Fernando Molica: Desfile de tolerância no Sambódromo

Fernando Molica é jornalista e escritor. E-mail: fernando.molica@odianet.com.br
Rio - Há uns 15 anos, o sociólogo Ricardo Mariano usou uma ótima frase para definir nossa peculiar relação com o sagrado: “Brasileiro gosta tanto de religião que uma só é pouco.” Ou seja, na hora de rezar, todo santo ajuda. Para desespero de xiitas de todas as religiões, o povo brasileiro, ao longo dos séculos, soube adaptar diferentes formas de falar com Deus. Nos nossos altares, sempre cabe mais um.
Esta relação foi, nos últimos tempos, abalada pelo radicalismo de algumas denominações evangélicas. Manifestações tão familiares como a veneração de imagens em igrejas católicas ou as incorporações de entidades em cultos afro-brasileiros passaram a ser classificadas como expressões do demônio. 

Todo mundo tem o direito de achar o que bem entender. O problema é que alguns mais exaltados, na ânsia de propagar suas verdades, passaram a ofender e até a agredir os que com eles não compartilhavam da mesma crença. Estes gestos são incompatíveis com a adorável tradição brasileira de respeitar os deuses alheios e até mesmo de tirar uma casquinha deles. Nenhuma fé é melhor que a outra; nem a ausência de fé pode ser julgada. Todos somos livres para acreditar e também para não crer.
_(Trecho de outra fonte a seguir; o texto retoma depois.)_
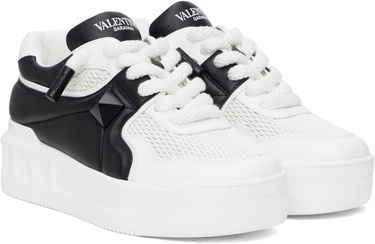 Кецове и обувки Valentino Valentino Garavani One Stud XL Low-Top Черно | 6Y2S0G37WWA, 3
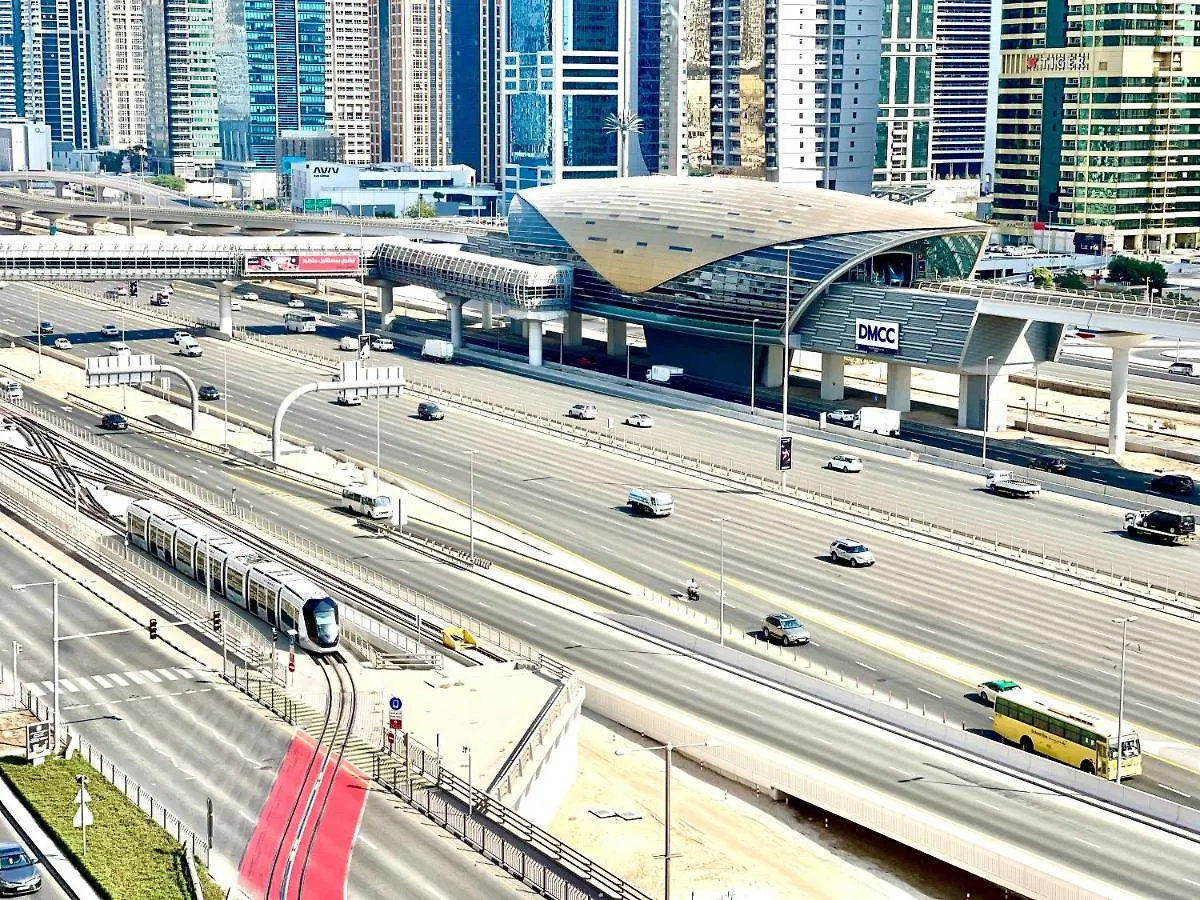 Luxury Studio Apartment Close To Jbr Beach&Yacht Club&Metro-Available Airport Shuttle Dubai 0*,  United Arab Emirates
De uns tempos pra cá, notícias sobre ataques a terreiros se tornaram mais ou menos comuns, passeatas em defesa da liberdade religiosa precisaram ser organizadas. Sobrou até para o samba: alguns bambas andaram se queixando que, por influência de pastores, muita gente decidiu se afastar das quadras, o gênero musical passou a ser visto como uma extensão das religiões de matriz africana.
Isso tudo justifica minha alegria ao, no domingo passado, assistir ao episódio mencionado ontem, aqui neste espaço, pelo Milton Cunha. Num Sambódromo lotado, mulheres com roupas usadas em cultos de umbanda ou candomblé engrossaram, emocionadas, o coro de ‘Faz um milagre em mim’, sucesso do evangélico Regis Danese, membro da Assembleia de Deus. Foi de arrepiar ver a bela canção sendo levada em ritmo de samba, acompanhada por vários percussionistas e pelo público. Aquele cortejo resgatou uma das nossas melhores características, como o respeito, a compreensão, a capacidade de absorver influências, a rejeição ao preconceito. A pista de tantos desfiles foi lavada pela esperança e pelo desejo de uma convivência pacífica e agregadora. A tolerância, assim como o samba, é nosso dom.